Data supplied section start

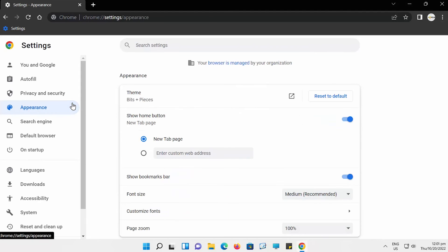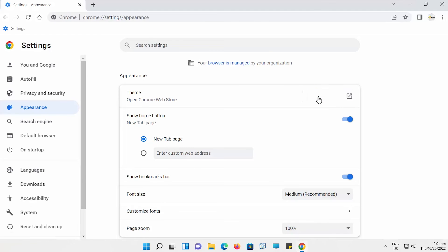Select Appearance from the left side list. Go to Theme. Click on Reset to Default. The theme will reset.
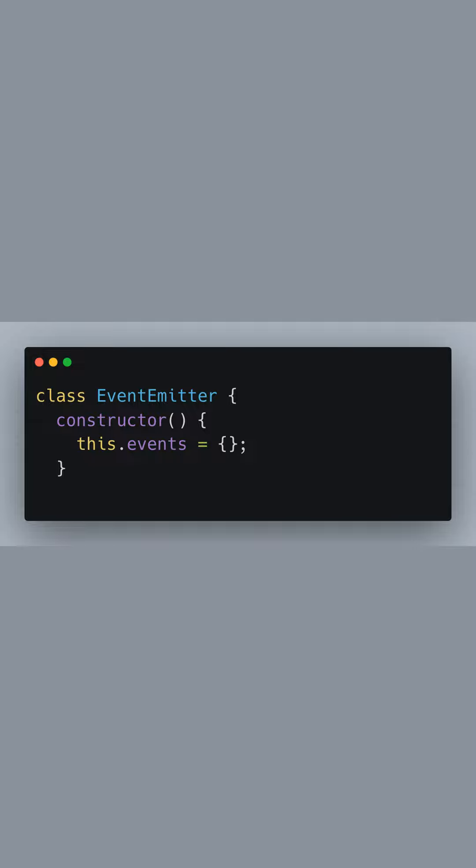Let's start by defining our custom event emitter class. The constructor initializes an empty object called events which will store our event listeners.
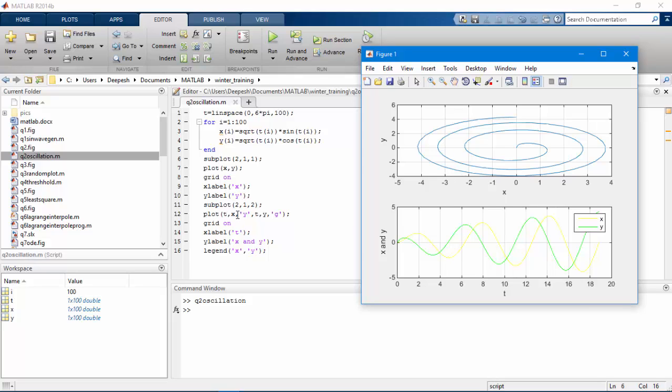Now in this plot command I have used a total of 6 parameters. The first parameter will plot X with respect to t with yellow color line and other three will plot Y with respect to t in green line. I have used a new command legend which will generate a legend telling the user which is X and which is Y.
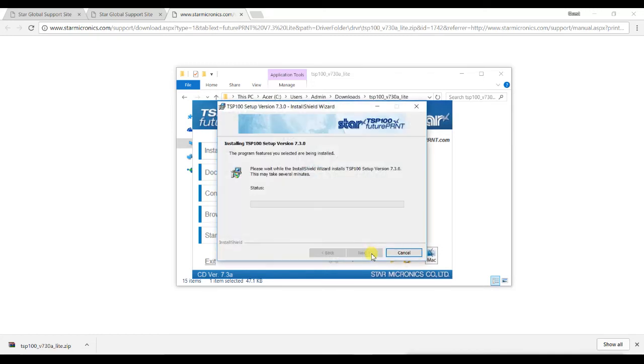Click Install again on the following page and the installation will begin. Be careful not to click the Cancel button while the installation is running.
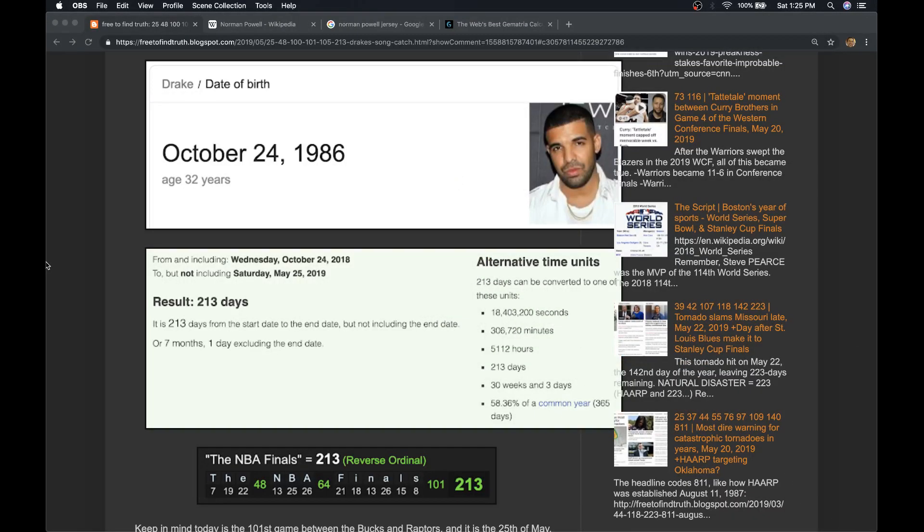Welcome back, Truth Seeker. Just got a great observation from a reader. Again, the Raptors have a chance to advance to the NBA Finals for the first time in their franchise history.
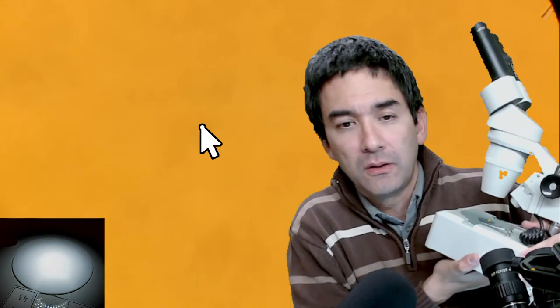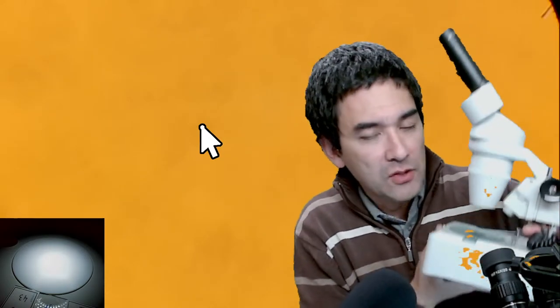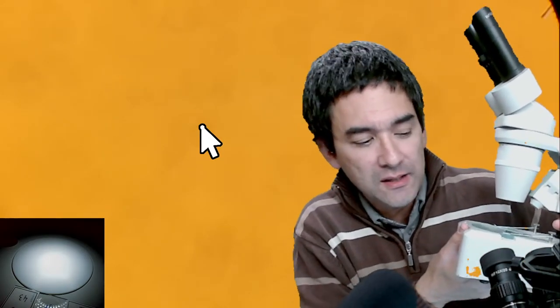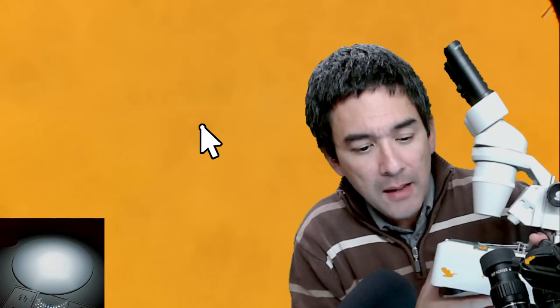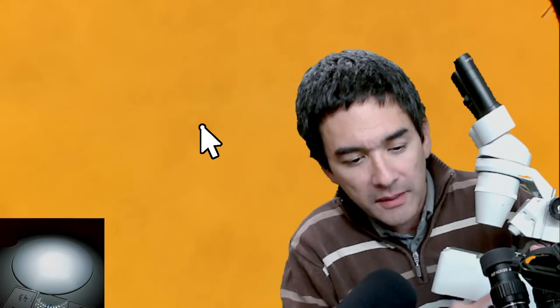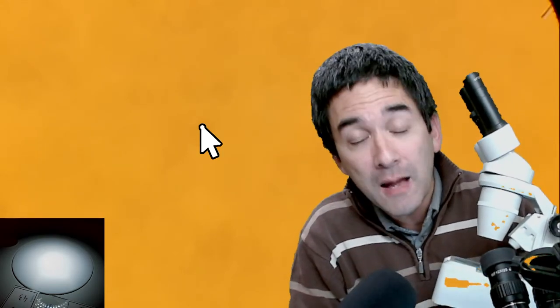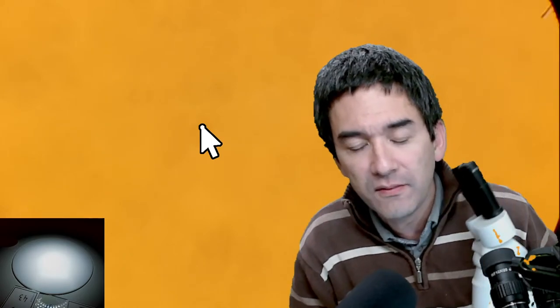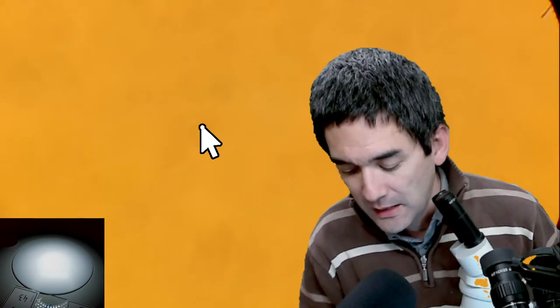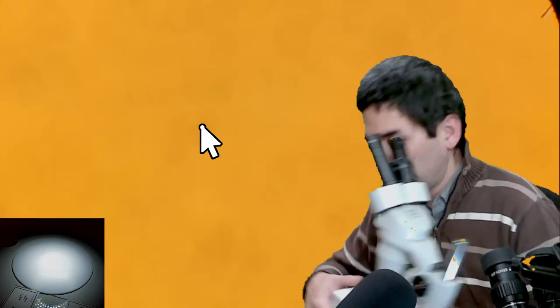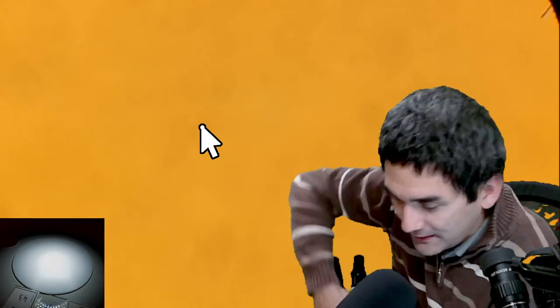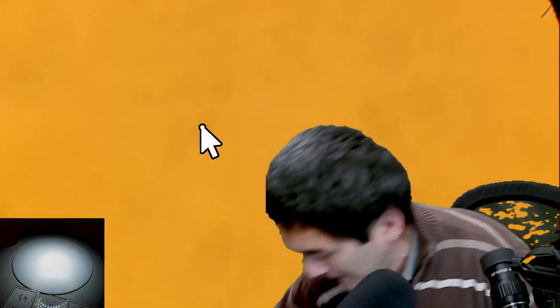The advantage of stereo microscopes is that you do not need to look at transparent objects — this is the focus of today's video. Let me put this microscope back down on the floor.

Data supplied section end
Data supplied section start

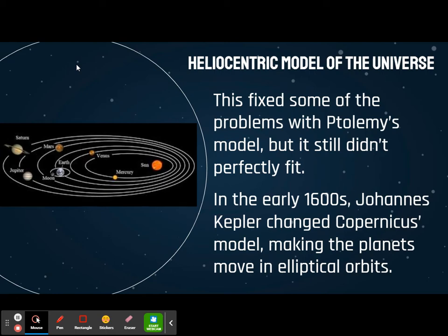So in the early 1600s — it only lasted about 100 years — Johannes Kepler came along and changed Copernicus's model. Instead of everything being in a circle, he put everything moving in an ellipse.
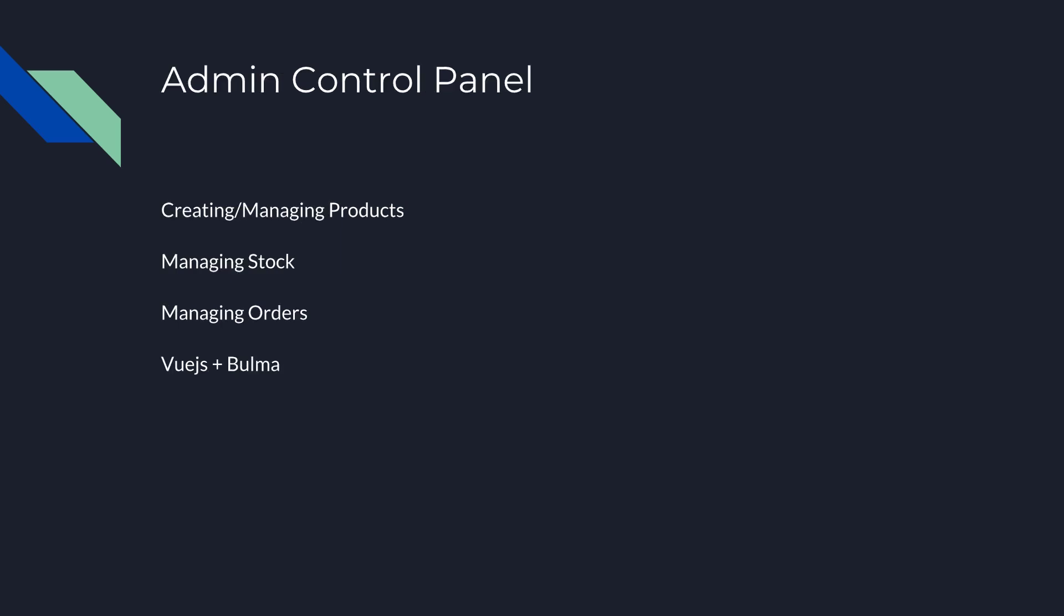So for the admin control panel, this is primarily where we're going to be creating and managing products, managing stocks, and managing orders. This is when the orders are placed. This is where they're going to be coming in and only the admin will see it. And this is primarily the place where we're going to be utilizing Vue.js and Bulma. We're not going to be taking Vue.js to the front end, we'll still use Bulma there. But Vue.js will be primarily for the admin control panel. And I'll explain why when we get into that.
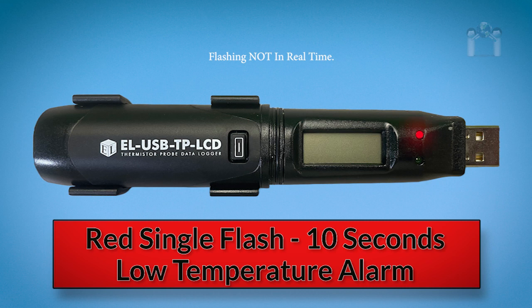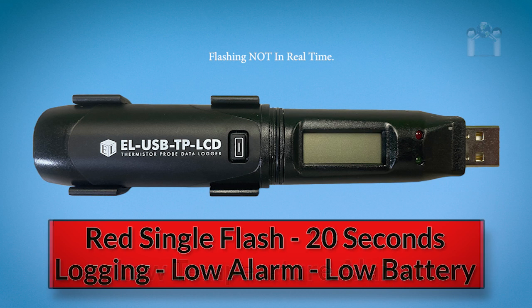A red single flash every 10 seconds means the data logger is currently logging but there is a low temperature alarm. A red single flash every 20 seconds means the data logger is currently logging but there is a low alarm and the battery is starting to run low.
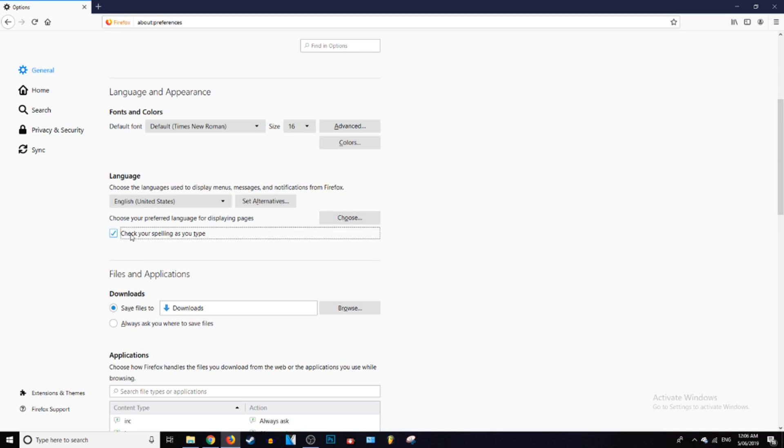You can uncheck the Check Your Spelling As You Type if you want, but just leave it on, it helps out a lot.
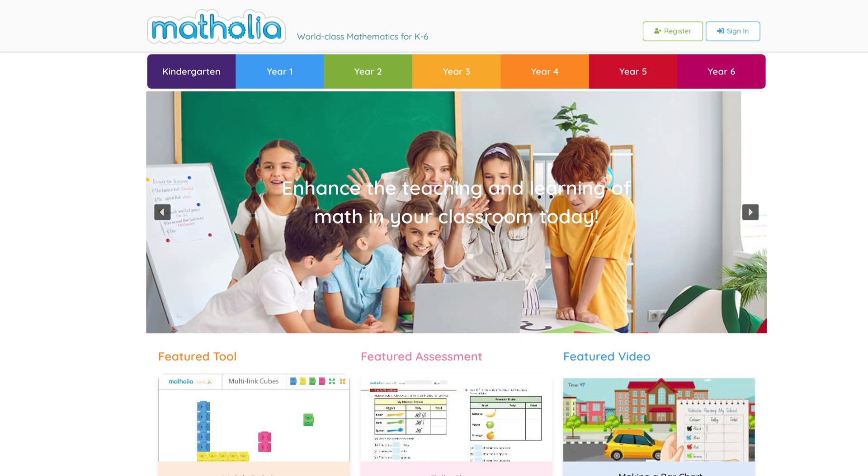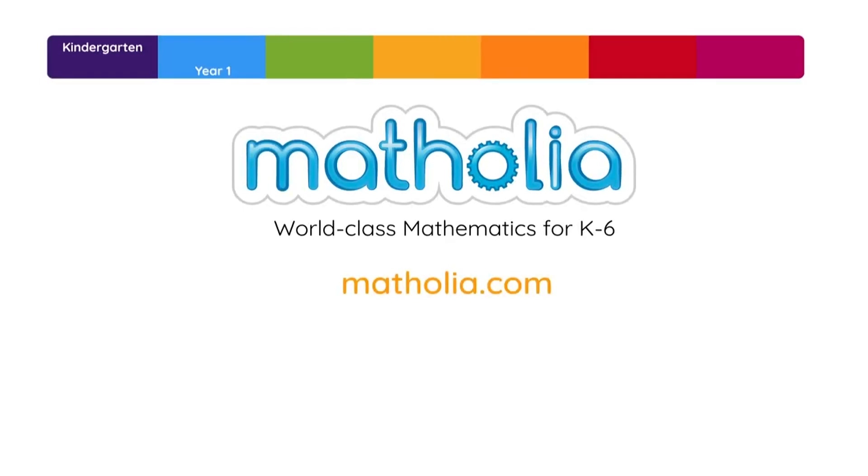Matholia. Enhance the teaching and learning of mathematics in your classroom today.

Data supplied section end
Data supplied section start

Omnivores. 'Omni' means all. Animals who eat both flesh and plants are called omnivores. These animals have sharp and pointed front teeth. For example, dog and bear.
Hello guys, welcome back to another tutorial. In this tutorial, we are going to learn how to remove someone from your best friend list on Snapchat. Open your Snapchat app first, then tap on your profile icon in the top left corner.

Data supplied section end

_Work task_
The reply should hold exactly the lines above, starting at the line with "Let's start by" and ending at the line with "The advantage of", and no pictures.

_Answer section_
Let's start by defining our custom event emitter class. The constructor initializes an empty object called events which will store our event listeners.
Now in this plot command I have used a total of 6 parameters. The first parameter will plot X with respect to t with yellow color line and other three will plot Y with respect to t in green line. I have used a new command legend which will generate a legend telling the user which is X and which is Y.
Click Install again on the following page and the installation will begin. Be careful not to click the Cancel button while the installation is running.
Welcome back, Truth Seeker. Just got a great observation from a reader. Again, the Raptors have a chance to advance to the NBA Finals for the first time in their franchise history.
The advantage of stereo microscopes is that you do not need to look at transparent objects — this is the focus of today's video. Let me put this microscope back down on the floor.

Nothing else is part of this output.